I suppose the process is similar for others who do this sort of thing, but sometimes you reach a point where you feel, “That’s all I can do for this article,” and you quit tampering with it and go ahead and post it. My son Marty showed me how to post these things a couple of years ago, thus cutting out the middle man (himself). It’s good to be able to do that. (If I sound like a 1940 model pleased that he knows how to do something in this technological age, I plead guilty.)

Then, once it gets on the website, the writer is able to read it as others do. That helps the writer see it more objectively and it’s how the flaws often stand out.
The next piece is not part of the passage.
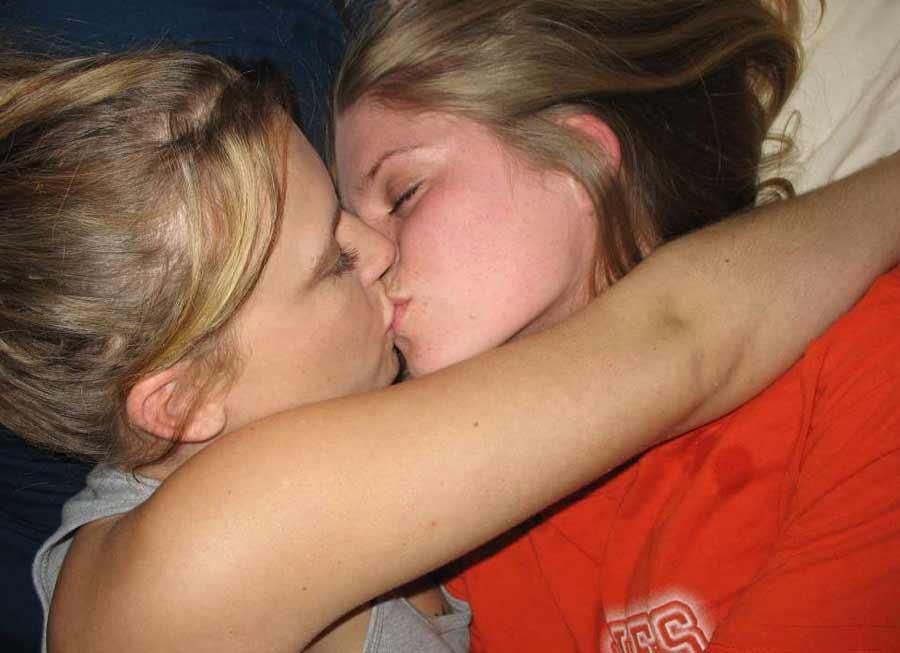 Drunk lesbian kissing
A sentence doesn’t read right. I used the wrong word. Used a word twice in the same sentence; need to find a different choice for one of them. What did I leave out? What did I include that should have been left out?

The process of editing calls for me to back out of the blog and go through another series of clicks to enter the editing room. I read back over the manuscript (so to speak), and tweak it. Add a comma, shorten a sentence, and so on. At the end, click “save,” wait until it assures me the changes have been made, and voila! the article on the website has been improved.

At least, that’s the plan.


Recently, while on a long drive, I listened to the recorded book, “A Day in the Life of William Shakespeare,” by James Shapiro. Among the insights I found fascinating were that after this man, arguably the greatest writer in the English language, wrote a play or sonnet, there was a fellow who would come back behind him and change what he had written. He didn’t like this word Shakespeare had written or thought of a better way of expressing something over here.

Now, imagine someone critiquing what Shakespeare had written. Imagine the nerve and chutzpah of the person who takes pen in hand to strike through words and sentences by this man and inserting something he deems better. Who would do such a thing?

Shakespeare himself was the culprit. He was forever going back and tweaking his plays. That’s why some are found in numerous forms, with a few words or sentences different. Shakespeare did it.

It sure would be nice to be able to call up some of the sermons I have written and conversations I have engaged in over the years and edit them. Strike that line, insert something more helpful.

Click on rewind and go back to the 9th grade and straighten out what I said to the teacher that time. Fast forward to a particular date with a particular girl and show myself to be a Christian gentleman this time. Correct a white lie I told, undo a corner I cut on my taxes 30 years ago, erase a cutting remark I made to a church member when I was only trying to be cute.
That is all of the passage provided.